18. Fill Up On Petrol (Gas) At Every Opportunity
Because you’re car camping, you rely on your vehicle’s gas supply. They call it petrol there, and you’ll notice as you’re driving around from location to location, that petrol stations are sometimes VERY sparse. If you are going across the country-side, make sure to take all the opportunities you can to fill up.
19. Set Your Credit Card Up With a Pin
In New Zealand, if you are planning to pay at the pump (and not all petrol stations support this, by the way), then you will likely need a PIN number on your credit card.
A PIN on your credit card? Is that a thing?
Yes! Actually. Log onto your credit card account through your bank, and there should be an option to set up a PIN for your credit card. If it’s not possible through your browser or mobile app, then you should be able to call and ask for assistance in setting up a PIN.

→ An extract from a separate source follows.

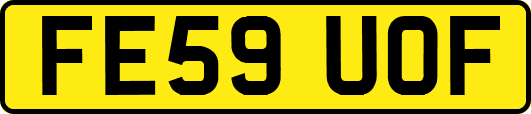 FE59UOF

Setting up a PIN for your credit card will allow you to pay at the pump for many petrol stations. This is especially helpful if your only petrol station option is closed because it’s a weekend.
20. Buy a Vodafone Sim Card (or use Project Fi)
On my first trip to New Zealand, I bought a Vodafone Sim Card and used that to have cell service throughout New Zealand without paying international rates. This worked really well, and I didn’t end up using a lot of minutes at all–it was mostly data.
If you’re on Project Fi (now called Google Fi), then you don’t have to worry! Travelling international doesn’t bring any additional fees and you can have decent service. My wife is on Google Fi, and this is how we did it on our last trip to New Zealand. We had good coverage, and I think the spots we didn’t have coverage were more due to the fact that we were in the country a lot where there isn’t a lot of cell service anyway.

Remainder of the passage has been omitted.